In this post (after the the dauntingly long intro) I’ll demonstrate some of the ways we’ve implemented security baseline monitoring (= security posture management) for our customers. The tools are familiar to most readers: Azure Policy and Defender for Cloud. I’m not going to explain the tools themselves deeply, as there are plenty of blog posts about that already. What I’m exploring here is the integration between them, and some non-documented features that I’ve ran into.
Conducting Azure security assessments is part our team’s daily work at Nixu. Usually this involves the use a combination of tools and interviews to understand the current state of the customer’s Azure environment, reporting the findings and giving recommendations to remediate the issues found. A colleague Joosua Santasalo has written a number of great blog posts around assessments, including a series of posts around Secure DevOps Kit for Azure and how to automate the report creation with NodeJS and PS. Check out also this really cool tool Joosua has been developing for assessment data gathering.
Understanding the current state of an environment is the first step towards improving its security posture. After we present our recommendations to our customers, the next step is to evaluate and implement them (typically there are some gaping holes that need to be fixed ASAP, while some recommendations are more long-term or just less critical). One of the things we get constantly asked (and which we also recommend) is this: How do you ensure that the security posture will not start deteriorating soon after the fixes have been made? It is often the case that the development teams (or the service provider) have full control of their subscriptions/resources. Mistakes happen, people don’t know what they’re doing, and the pressure to get stuff working is high. As result, the the configurations start to drift.

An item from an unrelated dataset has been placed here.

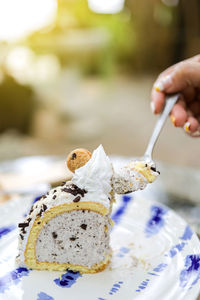 Midsection of person holding ice cream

The cure is quite simple (but easier said than done). First, we need to have a security baseline defined. Then we need to continuously enforce that baseline. The enforcement can be done using detective controls (create alerts when non-compliance is detected, and then follow a process to fix the issues) or preventive controls (prevent non-compliant configurations to be made in the first place) or it could be something in between (e.g., detect + auto-remediate). In the good old Windows + Active Directory times this would normally be achieved using Group Policies, SCCM or PowerShell DSC. So how do we do this with Azure?
What is my baseline?
Before going into details about the implementation, it’s good to have a few words about the baseline itself. There are different sources of information that you can use to come up with a set of controls that define your Azure security baseline:
- Existing corporate security controls: Especially large organizations typically have some sort of catalog of security controls that apply to all systems within the organization. Often many of these controls are not technical but administrative. But typically there are some high-level technical controls that can be used as guiding principals.
- Azure Security Benchmark (ASB) consolidates Microsoft security best practices in Azure. It’s a great resource for design decisions, and the controls are mapped to industry standards. Microsoft has also created a policy set in Azure which can be used for monitoring resource compliance against the baseline. If you don’t have anything else, use this! However, not all controls are suitable for all organizations.
- CIS Azure Foundations Benchmark is also a useful resource for security best practices. Microsoft has also created a policy set in which can be used for monitoring resource compliance against the CIS benchmark. However, they are often lagging a bit behind (right now the latest CIS benchmark is version 1.4.0, but the latest policy set is for version 1.3.0).
- Secure DevOps Kit for Azure: as noted many times in our blog posts, AzSK is a great tool for assessing Azure environments. AzSK is currently in sunset mode. The team has been developing a new solution (AzTS), personally I prefer using the native tools (described in this blog post) for continuous monitoring. The main reason is that setting up AzSK and AzTS for continuous monitoring is more complex, and they lack the possibility to exclude/exempt individual resources from individual controls.
Implementing the baseline (Azure Policy)
Azure Policy is a free offering in Azure that has been there for a long time. Every customer knows that it exists but surprisingly few actively leverage it. What I’ve learned while working with my colleagues who’ve implemented security baseline monitoring for other cloud platforms (specifically AWS and Aliyun) is that other cloud platforms have not productized this sort of baseline monitoring as neatly as Azure has, and as result the implementations tend to be more complex (and have at least some cost involved). I’m not saying that Azure is better as a platform, just that for this specific use case it has a pretty unique offering, and customers should leverage it.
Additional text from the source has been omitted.